• _PROBLEM STATEMENT_: Exclude the images and repeat all remaining entries exactly.

• _DATA SHOWN_:
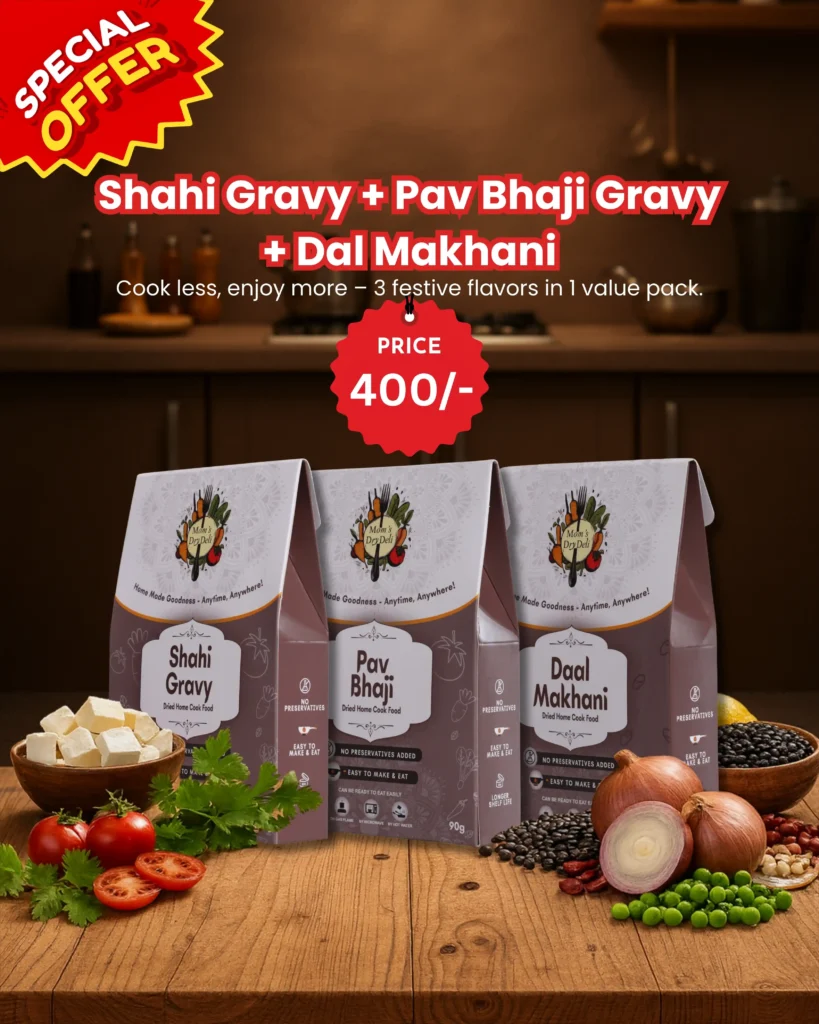 shahi gravy+pav bhaji+daal makhani 3 11zon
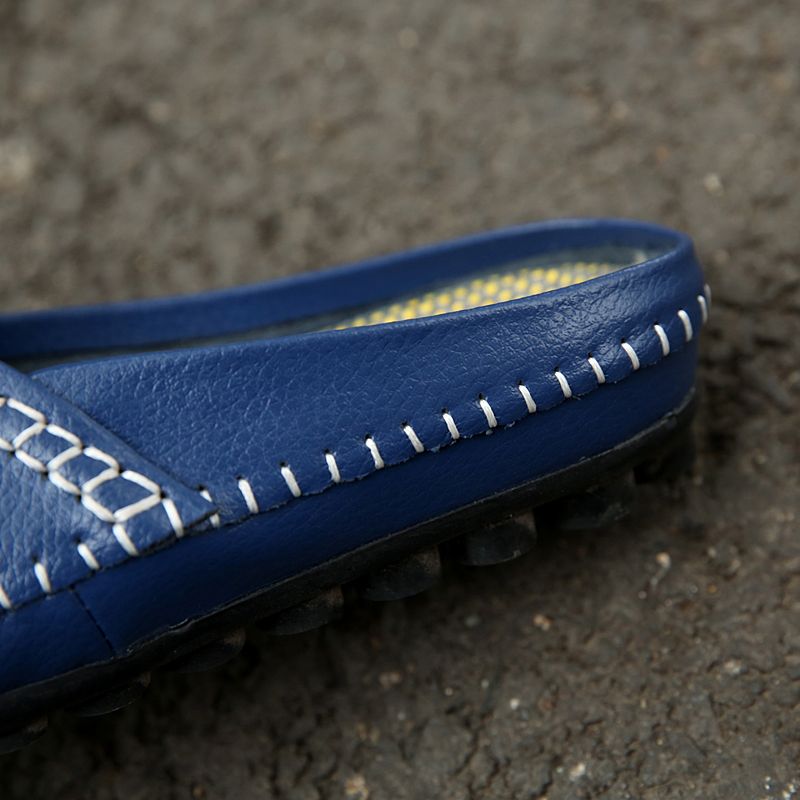 Driss Męskie Casual Slippers - Biały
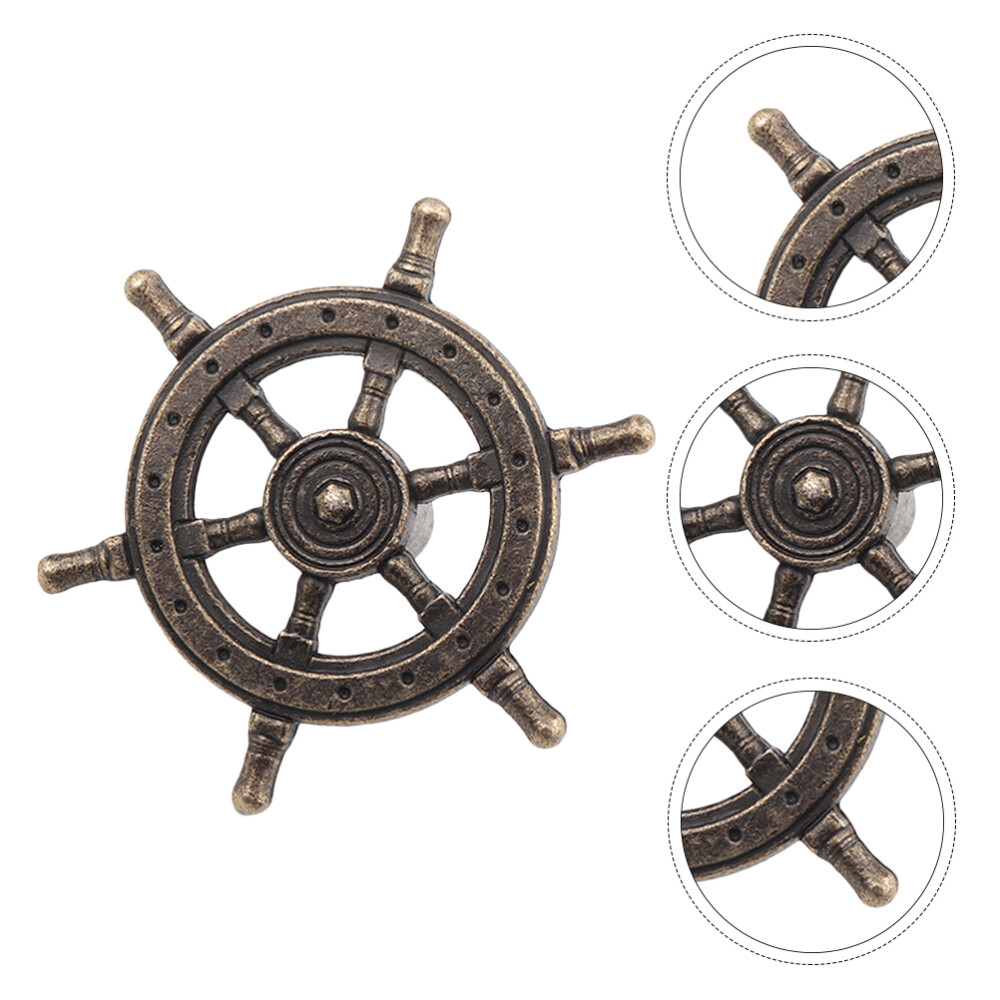 5 Pcs Features Twist Knob Wardrobe Cabinet Handle Black Door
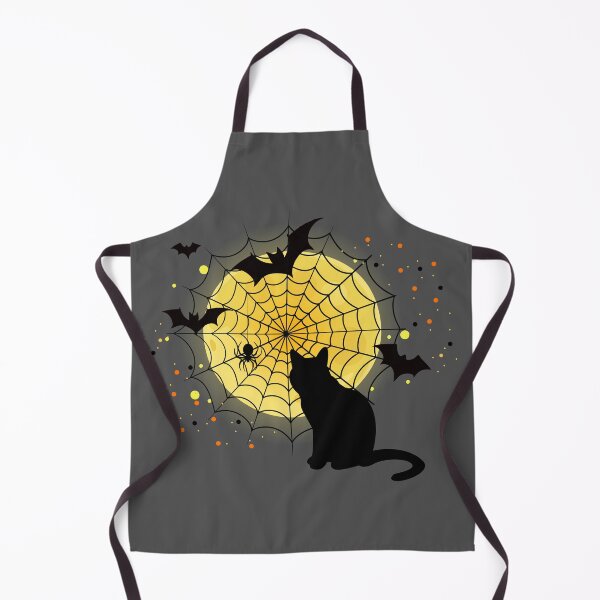 Item preview, Black Cat Halloween Night – Spooky Moon & Spiderweb designed and sold by ade-datt.
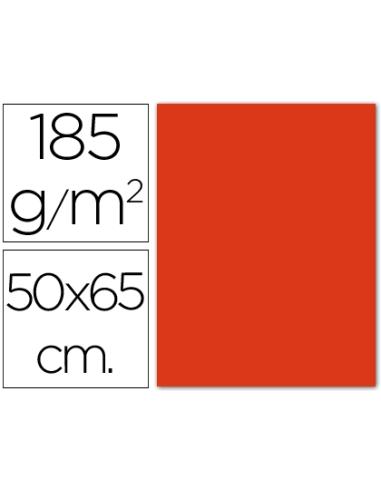 CI | Cartulina guarro tomate 50x65 cm -185 gr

• _TASK ANSWER_:
 shahi gravy+pav bhaji+daal makhani 3 11zon
 Driss Męskie Casual Slippers - Biały
 5 Pcs Features Twist Knob Wardrobe Cabinet Handle Black Door
 Item preview, Black Cat Halloween Night – Spooky Moon & Spiderweb designed and sold by ade-datt.
 CI | Cartulina guarro tomate 50x65 cm -185 gr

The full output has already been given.